### DESCRIPTION OF THE TASK
Beginning at the line that holds "宇宙ポータル スクエアペーパーコースター (正面)" and continuing to the last line of the data below, transcribe every line word for word, without pictures.

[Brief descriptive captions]

"""

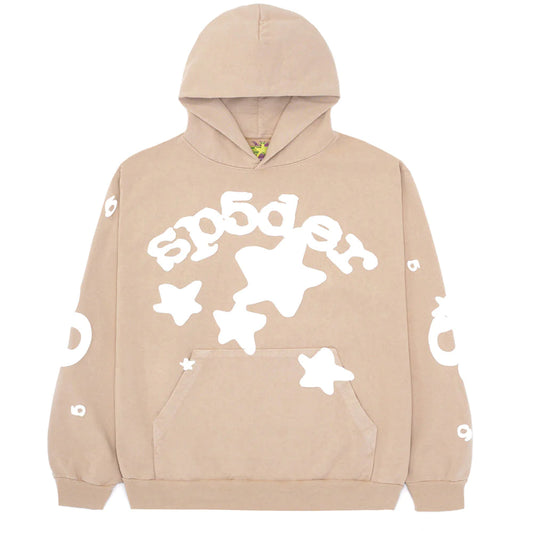 Sp5der Sand Beluga Hoodie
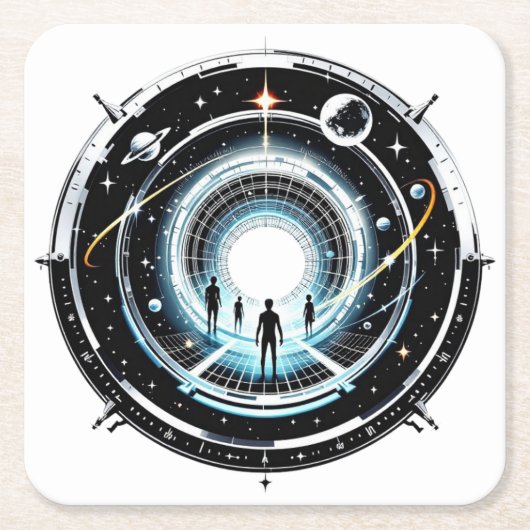 宇宙ポータル スクエアペーパーコースター (正面)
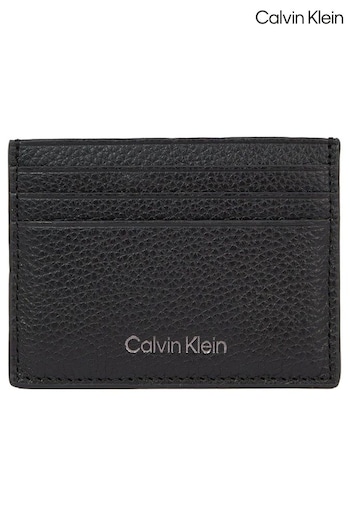 Calvin Geant Klein Warmth Leather Black Card Holder (Q69968) | £40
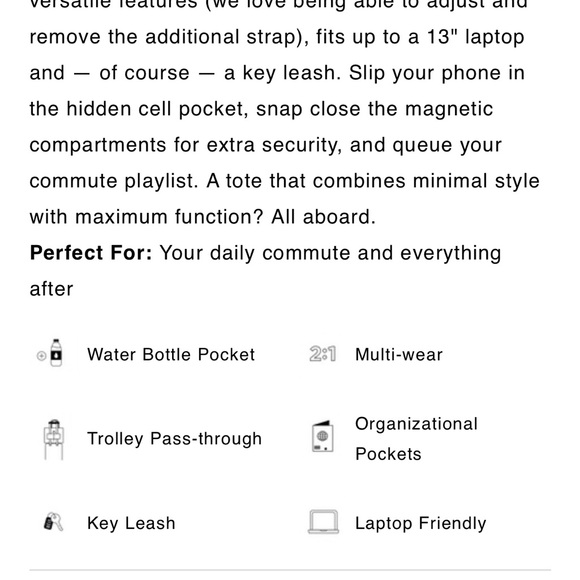 Beis commuter Tote Bag - Picture 5 of 11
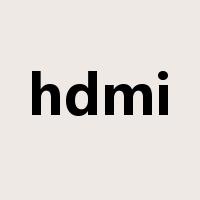 hdmi是什么意思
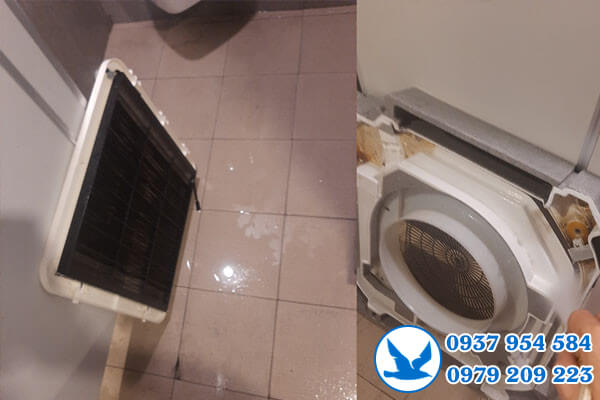 Vệ sinh máy lạnh âm trần tại Bình Dương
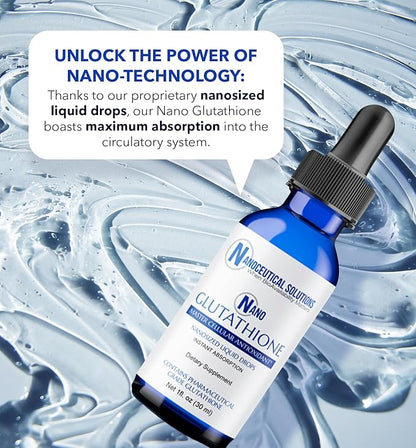 Nano Glutathione Drops by Nanoceutical Solutions 8 Times 30 Servings
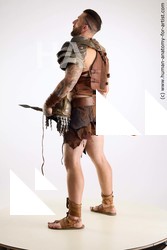 Man White Standing poses - ALL Muscular Short Brown Standing poses - simple Standard Photoshoot Academic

"""

### ANSWER BELOW
 宇宙ポータル スクエアペーパーコースター (正面)
 Calvin Geant Klein Warmth Leather Black Card Holder (Q69968) | £40
 Beis commuter Tote Bag - Picture 5 of 11
 hdmi是什么意思
 Vệ sinh máy lạnh âm trần tại Bình Dương
 Nano Glutathione Drops by Nanoceutical Solutions 8 Times 30 Servings
 Man White Standing poses - ALL Muscular Short Brown Standing poses - simple Standard Photoshoot Academic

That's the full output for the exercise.